The three-year agreements centre on 18-month to two-year pay freezes, and stays on the payment of a range of other allowances. They involve deep cuts to real pay and conditions, including for flight attendants, ground staff and other low-paid workers.

Under the ASU deal, for example, the highest pay rate for the most experienced and most qualified guest service workers remained at the base rate of just $27.27 an hour, while “trainees” were stuck at $22.22 and new recruits unable to rise above $24.64. Only 18 percent of the workforce must be full-time, leaving the vast majority on part-time work, and only guaranteed a minimum of 20 hours a week.

The unions claimed the EBAs provided guarantees that no more of Virgin’s roughly 6,000-strong workforce, covered by the four unions, would be outsourced “in the meantime.”

In reality, the unions, anticipating rank-and-file opposition, cynically utilised the company’s threat that Virgin workers would face deeper job cuts via outsourcing unless they accepted the wage freeze deals. On that basis, they pushed through endorsement of the EBAs in membership ballots last month.

Moreover, the outsourcing “guarantee” is worthless. It could quickly be jettisoned by Virgin under conditions where competitors such as Qantas continue to exploit the crisis in the aviation sector produced by COVID-19 to further restructure their operations to boost profits and gain a competitive edge.

Since the outset of the pandemic, Qantas has laid off around 8,500 employees or close to a third of its workforce. The company is now outsourcing over 2,000 positions, including baggage handlers, ramp workers and cabin cleaners.

The TWU blocked any fight by workers against the Qantas outsourcing, instead pushing the issue into the Federal Court and burying it in a Senate inquiry. These moves were initiated after the TWU failed to convince Qantas to employ the union itself as the cheap labour contractor for the outsourcing operation.

Cut-throat competition will only intensify if the airlines in Australia and internationally are successful in their bids to pressure governments to abandon restrictions and prematurely fully reopen global air travel. That will see the further continuous setting of ever-more exploitative benchmarks across the worldwide aviation industry.
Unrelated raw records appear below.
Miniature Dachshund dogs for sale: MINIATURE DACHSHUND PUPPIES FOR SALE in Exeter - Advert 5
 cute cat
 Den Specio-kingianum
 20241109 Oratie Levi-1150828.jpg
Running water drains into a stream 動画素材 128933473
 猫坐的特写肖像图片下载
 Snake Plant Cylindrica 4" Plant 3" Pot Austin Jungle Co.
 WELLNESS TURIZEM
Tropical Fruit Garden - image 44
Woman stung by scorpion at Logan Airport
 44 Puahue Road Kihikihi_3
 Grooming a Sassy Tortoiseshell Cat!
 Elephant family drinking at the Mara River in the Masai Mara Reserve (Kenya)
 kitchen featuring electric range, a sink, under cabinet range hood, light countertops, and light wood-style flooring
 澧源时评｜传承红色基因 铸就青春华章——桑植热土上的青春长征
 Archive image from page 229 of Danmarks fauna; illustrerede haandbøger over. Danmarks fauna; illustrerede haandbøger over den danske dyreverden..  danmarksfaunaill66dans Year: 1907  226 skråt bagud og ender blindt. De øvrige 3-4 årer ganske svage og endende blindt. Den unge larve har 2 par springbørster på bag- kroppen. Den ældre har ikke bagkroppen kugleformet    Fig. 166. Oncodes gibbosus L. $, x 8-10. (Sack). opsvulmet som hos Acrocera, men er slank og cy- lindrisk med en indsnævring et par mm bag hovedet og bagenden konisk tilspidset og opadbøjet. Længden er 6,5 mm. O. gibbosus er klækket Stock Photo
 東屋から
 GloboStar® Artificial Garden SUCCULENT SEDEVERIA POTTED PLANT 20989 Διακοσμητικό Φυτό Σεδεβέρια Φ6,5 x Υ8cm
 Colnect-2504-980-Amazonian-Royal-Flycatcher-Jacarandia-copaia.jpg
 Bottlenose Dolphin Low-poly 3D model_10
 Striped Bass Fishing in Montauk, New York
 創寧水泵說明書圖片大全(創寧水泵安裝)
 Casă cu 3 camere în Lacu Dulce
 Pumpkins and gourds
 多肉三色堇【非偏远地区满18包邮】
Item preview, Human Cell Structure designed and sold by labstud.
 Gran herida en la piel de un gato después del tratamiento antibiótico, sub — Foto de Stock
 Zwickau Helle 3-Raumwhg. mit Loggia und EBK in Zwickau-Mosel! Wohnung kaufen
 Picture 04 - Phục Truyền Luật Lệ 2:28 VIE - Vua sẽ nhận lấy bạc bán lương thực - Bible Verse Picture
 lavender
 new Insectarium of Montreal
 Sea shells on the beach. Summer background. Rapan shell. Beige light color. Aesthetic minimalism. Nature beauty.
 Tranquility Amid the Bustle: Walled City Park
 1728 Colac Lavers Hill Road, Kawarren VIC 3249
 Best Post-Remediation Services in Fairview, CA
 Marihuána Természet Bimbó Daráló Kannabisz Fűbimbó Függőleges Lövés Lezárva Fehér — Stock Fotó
To soften up Virgin workers for more job cuts overseen by the unions, Kaine warned: “Virgin’s future is far from certain with the pandemic continuing to play havoc with air travel and the disastrous vaccine rollout casting doubt on the resumption of normal travel into and around Australia.”

In a groveling display of unity with Bain, Kaine presented the unions’ sell-out deals and the management’s attacks on jobs and working conditions as the outcome of the “tireless work” of Virgin staff to “get the airline back on its feet.” This is in line with the program pursued by all the trade unions: subordinating workers’ interests to those of the wealthy corporate elite.

Kaine said workers would hold Virgin’s new owners “to account over promises made to keep a full-service airline” and to get “Virgin back to its position as Australia’s strong second airline.”

Similar threats of job losses will be used by the unions to impose a regressive deal on Virgin’s pilots, and on workers at other airlines. Eager to further prove the unions’ worth to Bain as a reliable industrial police force, Kaine urged Virgin “to finalise this process [EBA negotiations],” claiming this would “give pilots the certainty they require about their futures.”

Virgin and Qantas have continued to slash jobs and conditions despite receiving repeated multi-billion-dollar support packages and wage subsidies from the Liberal-National government, backed by the Labor Party opposition.

Around the globe, airlines have axed tens of thousands of jobs over the past year, despite similar massive bailouts by governments, while the unions have suppressed workers’ opposition.

Airline workers must take stock of the situation that they face. The record demonstrates that the fight to defend and improve jobs and working conditions requires a decisive break with the unions, which act as direct agencies of the airline companies.